The moocdb_core does not have to reside on the same machine on which the output database will be built.
This database is also required for all transformations, and can be created once and used many times. Call this database moocdb_clean, and avoid using this name for any other databases. Unlike moocdb_core, this database has to be created on the same machine on which the output databases will be created. After you create moocdb_clean as an empty database, import the file .../core/schema.sql located inside the piping scripts directory. Using MOOCdb
You are now ready to transform a Coursera course to MOOCdb.
To do so, you have to supply a set of parameters telling the program where to find the input data, where to put the output data, and specifying other required information and options. To transform a course, you simply have a call a main function with a dictionary of these parameters. The scripts expect this dictionary to follow a very specific structure. To familiarize yourself with the parameter dictionary structure and how to call the main transformation function, please look at the run_coursera.py file located in the piping scripts directory. In this file, the main function is first imported from main.py. Second, the parameter dictionary is constructed. The variable holding it in the example is called vars. Finally, main(vars) is called. This should start the transformation. Below is an explanation of the parameters you need to specify. Before, we start, however, you will need to watch out for the following.
Coursera changed its export format at some point in the past. Previously, table columns referring to anonymized user IDs (such as in the lecture_submission_metadata) in the anonymized_general database were called anon_user_id. User IDs were anonymized in the anonymized_forum database as well and placed in columns called forum_user_id. If your course following this format, we will refer to its format as coursera_1.
More recently, Coursera changed the anon_user_id to session_user_id, and stopped anonymizing user IDs in the anonymized_forum database. If your course follows this format, we will refer to its format as coursera_2.
These naming changes will also be visible in the hash_mapping table directly. If your course does not strictly adhere to one of these 2 formats, this program might not be able to handle its data. Please request a new export of your course from Coursera. You should receive it in the second format regardless of when the course ran.
Contains the parameters related to the input (Coursera side)
- platform_format: ‘coursera_1’ or ‘coursera_2’
- course_id: For coursera_2 courses, set this to None.
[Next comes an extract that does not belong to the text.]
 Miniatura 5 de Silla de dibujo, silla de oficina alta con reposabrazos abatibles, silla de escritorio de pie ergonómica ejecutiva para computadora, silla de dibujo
For coursera_1 courses, lookup the numeric part of any of the kvs tables in the anonymized_general database, and write it here as a number. For example, if you see a table called kvs.136.quizzes, then set this parameter to 136
- course_url_id: This must be the session ID of the course, as a string (ex: algorithms-001)
- host, user, password, port: The MySQL connection parameters to the server hosting the coursera databases. If you do not know which port the MySQL server uses, try the default value (3306).
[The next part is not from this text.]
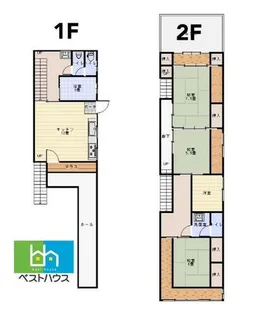 福岡県八女市黒木町桑原【アパート】の間取り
- hash_mapping_db: The name of the course hash-mapping database
- general_db: The name of the course anonymized-general database
- forum_db: The name of the course anonymized-forum database
Contains the following parameters required to connect to the MOOCdb-core database.
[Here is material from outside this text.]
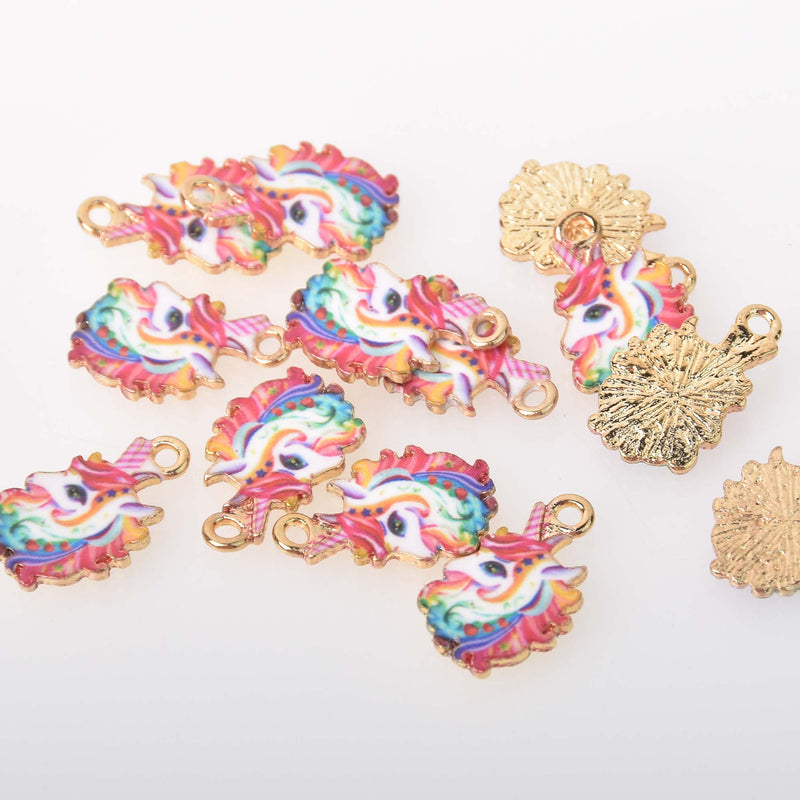 6 Rainbow Unicorn Charms Gold Plated chs6789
- host, user, password, port: The MySQL connection parameters to the server hosting the moocdb_core database. If you do not know which port the MySQL server uses, try the default value (3306)
target (Independent of source platform)¶
Contains the MOOCdb output and clean database connection parameters.
- host, user, password, port: The MySQL connection parameters to the server hosting the MOOCdb output and clean databases. If you do not know which port the MySQL server uses, try the default value (3306)
- db: The name of the MOOCdb output database
Sets transformation options.
- log_path: The path in which the log file for the transformation should be placed. This should be a path to a directory not a file. The log file for a single transformation task will be placed inside that directory and will be named based on the course_url_id and the task start date/time.
- log_to_console: True | False, whether or not log messages should also be written to the console.
- debug: True | False. If True, the script will only transform data for a limited number of users, speeding up the run for development purposes.
- num_users_debug_mode: The number of users to transform in debug mode
Checking the Outputs:¶
After a transformation process has exited, please check the console and log file to verify that it completed successfully. Also, please visit the MySQL server hosting the output database and make sure its tables are populated.